In full and exactly, reproduce the entries below, but omit the pictures.

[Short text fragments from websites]
--
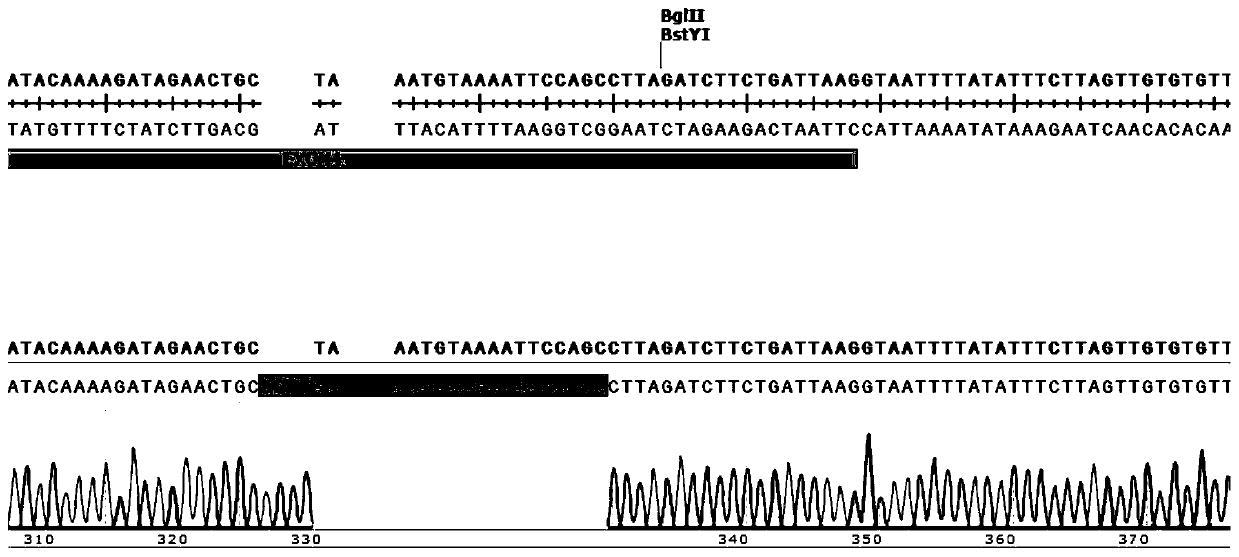 Construction method and application of plasmid composition, dnapk gene knockout rat model
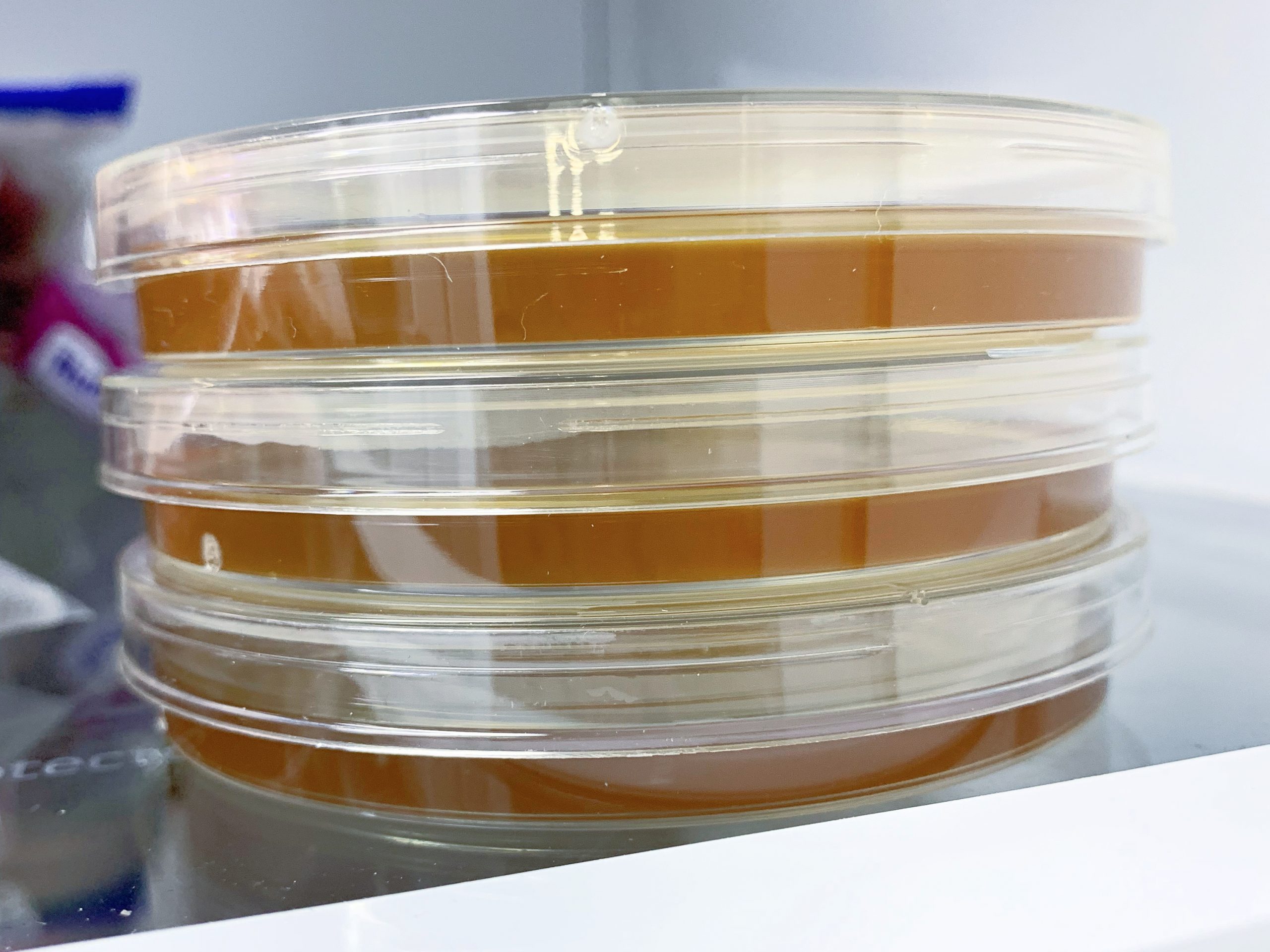 How to Make Agar Petri Dishes to Grow Bacteria We Got The Funk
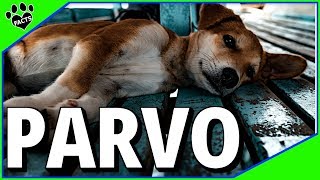 Canine Parvovirus Parvo What You Need to Know [upl. by Akeit745]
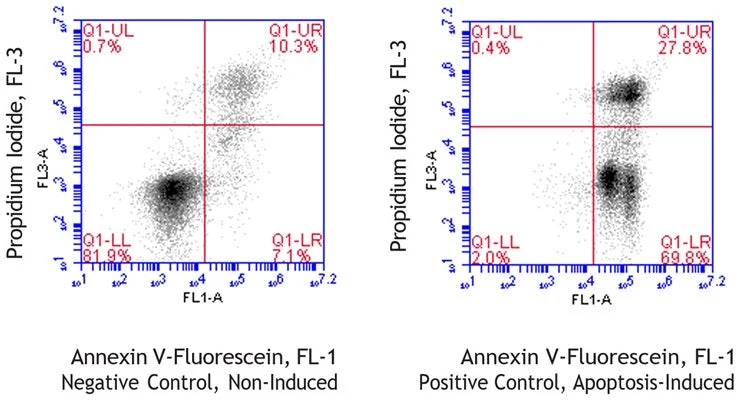 Equine Annexin V-Fluorescein Apoptosis Assay Kit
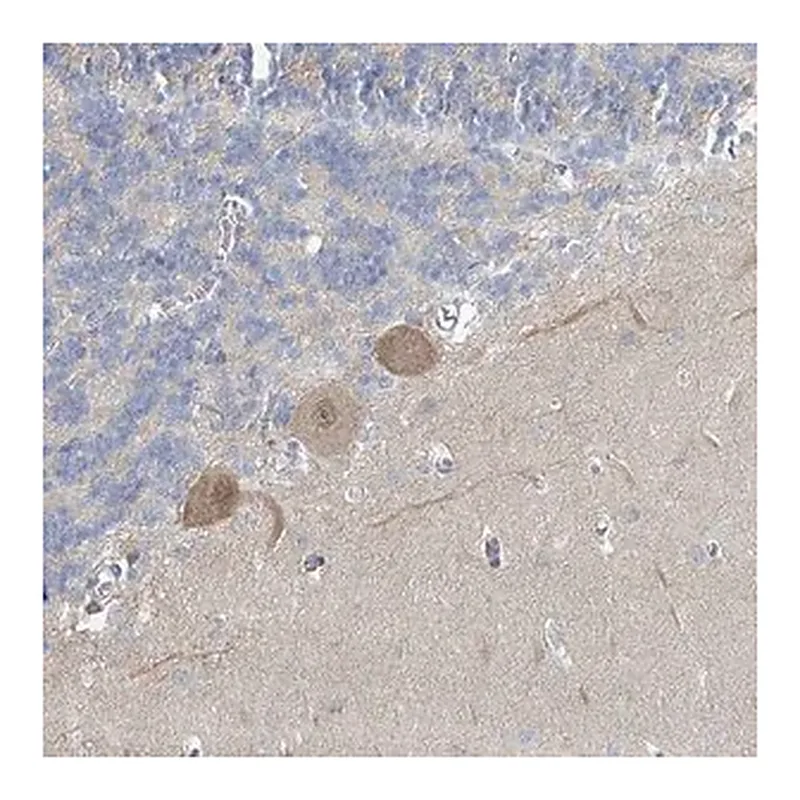 Merck Anti-SLC25A45 antibody produced in rabbit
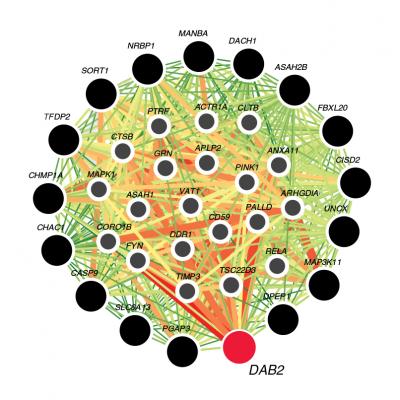 Visualization of Tubule-Specific Candidate Genes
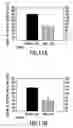 Fig. 12 - Dipeptide apoptosis inhibitors and the use thereof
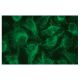 WIP Antibody (E-9) - Immunofluorescence - Image 133650 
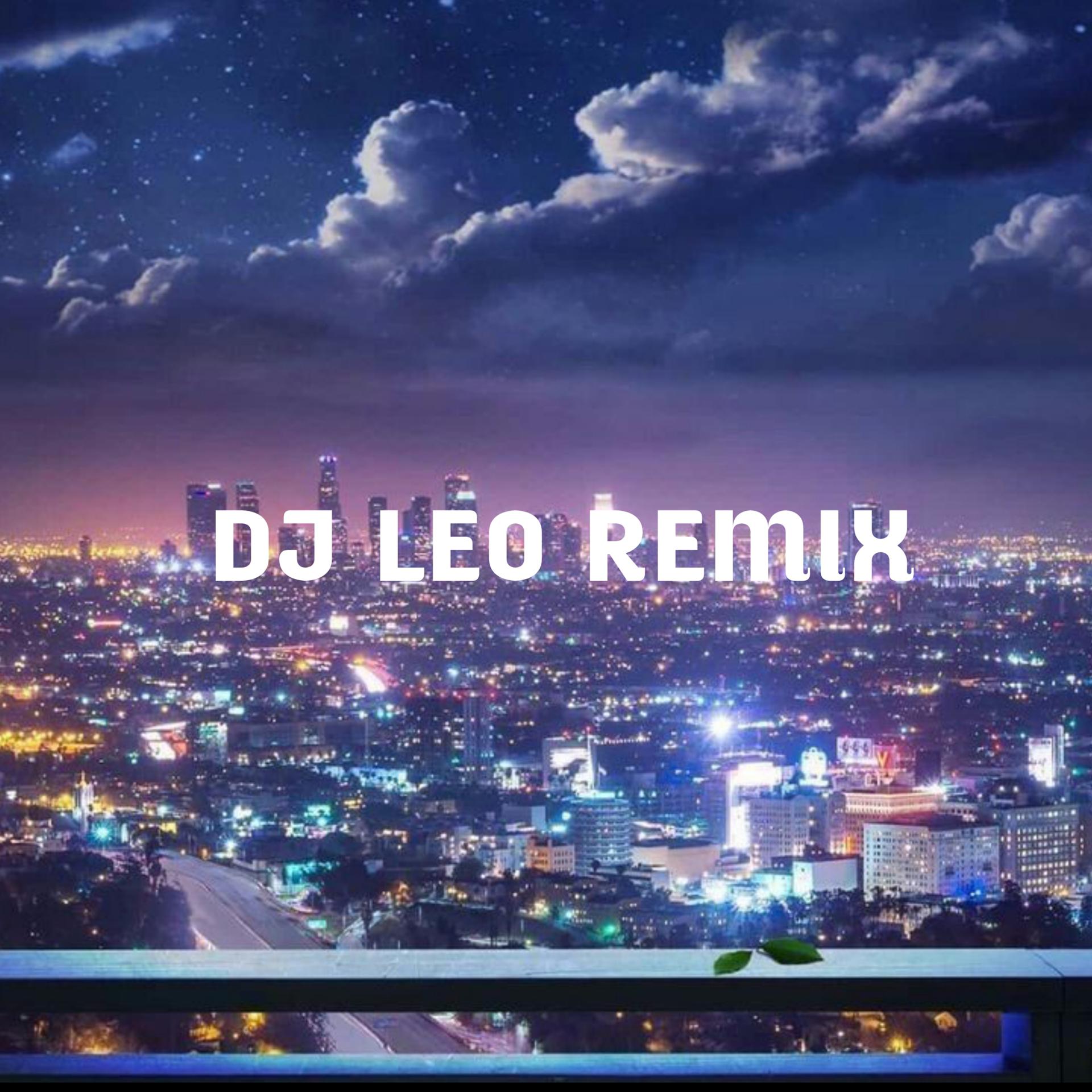 Постер альбома DJ BRONDONG TUA VIRAL TIKTOK - DJ LEO REMIX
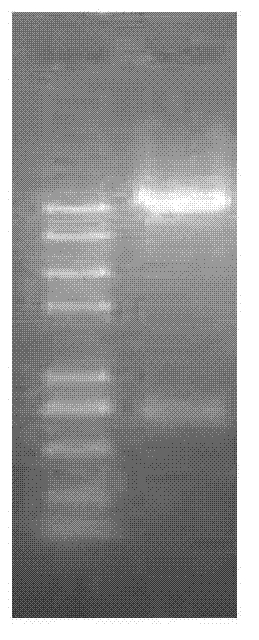 Application of trkA genes in deinococcus radiodurans R1 to culture of drought-resistant plant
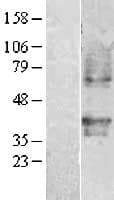 PTAFR / PAF Receptor Protein (Over-Expression Lysate Myc-DDK (Flag))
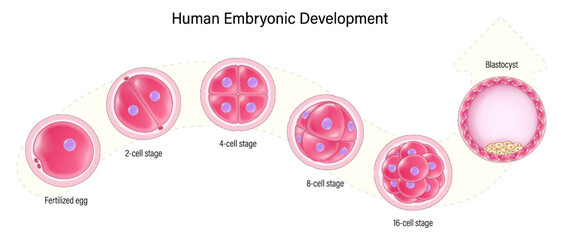 Human embryonic development. Human embryogenesis. Zygote, 2-cell stage, 4-cell stage, 6-cell stage, 8-cell stage, 16-cell stage, Blastocyst. - obrazy, fototapety, plakaty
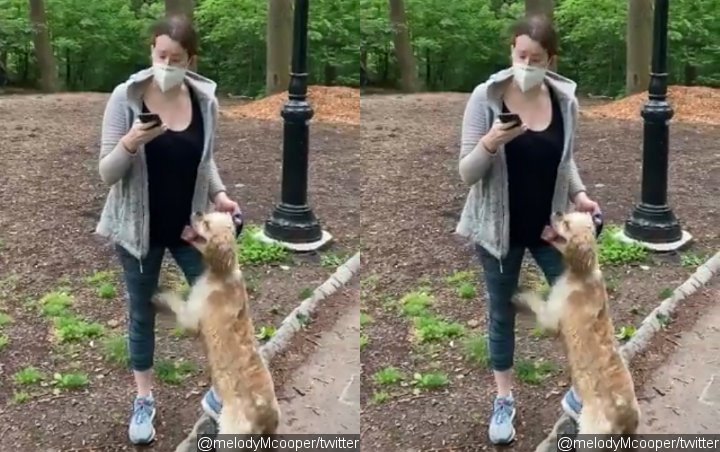 White Woman in Viral Central Park Video Fired From Work Over Racism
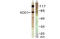 SRBP1 antibody, LS-C117513, Lifespan Biosciences, Western Blot image 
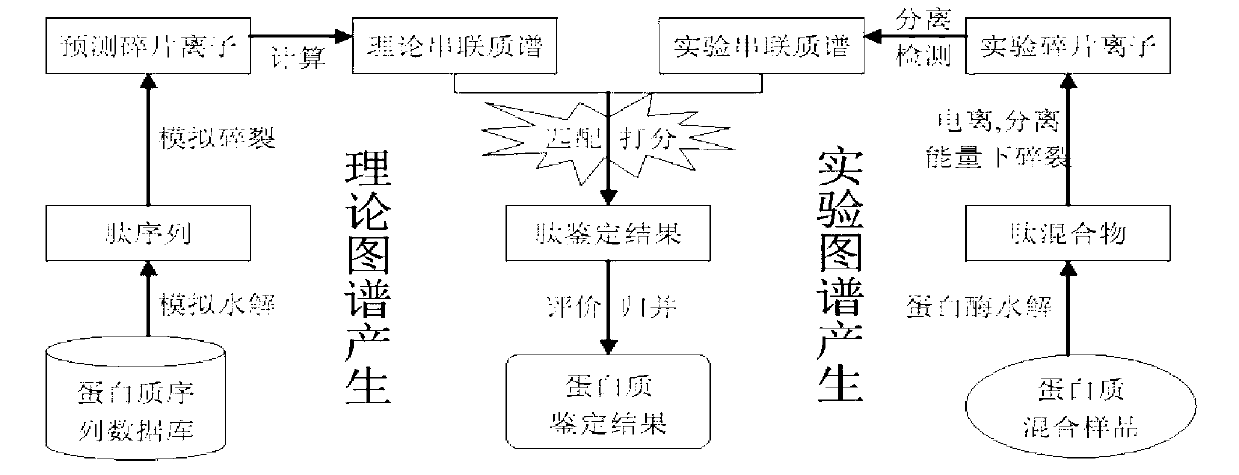 Protein secondary mass spectrum identification method of marker loci based on candidate peptide fragment discrimination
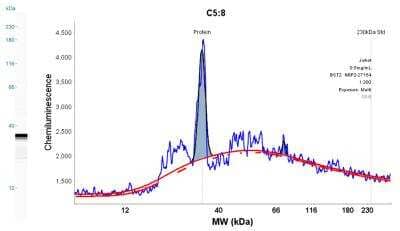 Simple Western: BST2 Antibody - Azide Free [NBP2-45265] - Lane view shows a specific band for BST2 using 0.5 mg/mL Jurkat cell lysate and antibody at 1:200. Electoropherogram image of corresponding Simple Western lane view. Image reported by internal validation.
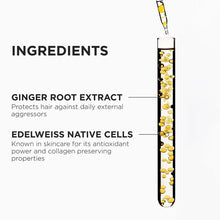 Load image into Gallery viewer, Genesis Luxury Holiday Gift Set from Kerastase
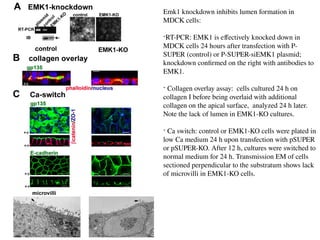 Emk1 knockdown inhibits lumen formation in
MDCK cells:
-RT-PCR: EMK1 is effectively knocked down in
MDCK cells 24 hours after transfection with P-
SUPER (control) or P-SUPER-siEMK1 plasmid;
knockdown confirmed on the right with antibodies to
EMK1.
- Collagen overlay assay: cells cultured 24 h on
collagen I before being overlaid with additional
collagen on the apical surface, analyzed 24 h later.
Note the lack of lumen in EMK1-KO cultures.
- Ca switch: control or EMK1-KO cells were plated in
low Ca medium 24 h upon transfection with pSUPER
or pSUPER-KO. After 12 h, cultures were switched to
normal medium for 24 h. Transmission EM of cells
sectioned perpendicular to the substratum shows lack
of microvilli in EMK1-KO cells.
 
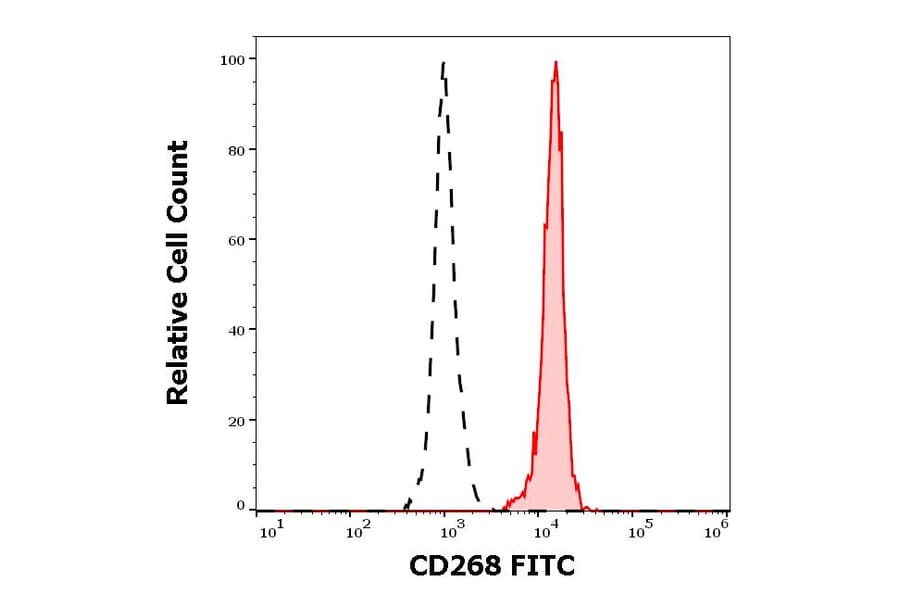 Flow Cytometry - Anti-CD268 Antibody [11C1] (FITC) (A242887) - Antibodies.com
--
● Solution
 Construction method and application of plasmid composition, dnapk gene knockout rat model
 How to Make Agar Petri Dishes to Grow Bacteria We Got The Funk
 Canine Parvovirus Parvo What You Need to Know [upl. by Akeit745]
 Equine Annexin V-Fluorescein Apoptosis Assay Kit
 Merck Anti-SLC25A45 antibody produced in rabbit
 Visualization of Tubule-Specific Candidate Genes
 Fig. 12 - Dipeptide apoptosis inhibitors and the use thereof
 WIP Antibody (E-9) - Immunofluorescence - Image 133650 
 Постер альбома DJ BRONDONG TUA VIRAL TIKTOK - DJ LEO REMIX
 Application of trkA genes in deinococcus radiodurans R1 to culture of drought-resistant plant
 PTAFR / PAF Receptor Protein (Over-Expression Lysate Myc-DDK (Flag))
 Human embryonic development. Human embryogenesis. Zygote, 2-cell stage, 4-cell stage, 6-cell stage, 8-cell stage, 16-cell stage, Blastocyst. - obrazy, fototapety, plakaty
 White Woman in Viral Central Park Video Fired From Work Over Racism
 SRBP1 antibody, LS-C117513, Lifespan Biosciences, Western Blot image 
 Protein secondary mass spectrum identification method of marker loci based on candidate peptide fragment discrimination
 Simple Western: BST2 Antibody - Azide Free [NBP2-45265] - Lane view shows a specific band for BST2 using 0.5 mg/mL Jurkat cell lysate and antibody at 1:200. Electoropherogram image of corresponding Simple Western lane view. Image reported by internal validation.
 Load image into Gallery viewer, Genesis Luxury Holiday Gift Set from Kerastase
 Emk1 knockdown inhibits lumen formation in
MDCK cells:
-RT-PCR: EMK1 is effectively knocked down in
MDCK cells 24 hours after transfection with P-
SUPER (control) or P-SUPER-siEMK1 plasmid;
knockdown confirmed on the right with antibodies to
EMK1.
- Collagen overlay assay: cells cultured 24 h on
collagen I before being overlaid with additional
collagen on the apical surface, analyzed 24 h later.
Note the lack of lumen in EMK1-KO cultures.
- Ca switch: control or EMK1-KO cells were plated in
low Ca medium 24 h upon transfection with pSUPER
or pSUPER-KO. After 12 h, cultures were switched to
normal medium for 24 h. Transmission EM of cells
sectioned perpendicular to the substratum shows lack
of microvilli in EMK1-KO cells.
 
 Flow Cytometry - Anti-CD268 Antibody [11C1] (FITC) (A242887) - Antibodies.com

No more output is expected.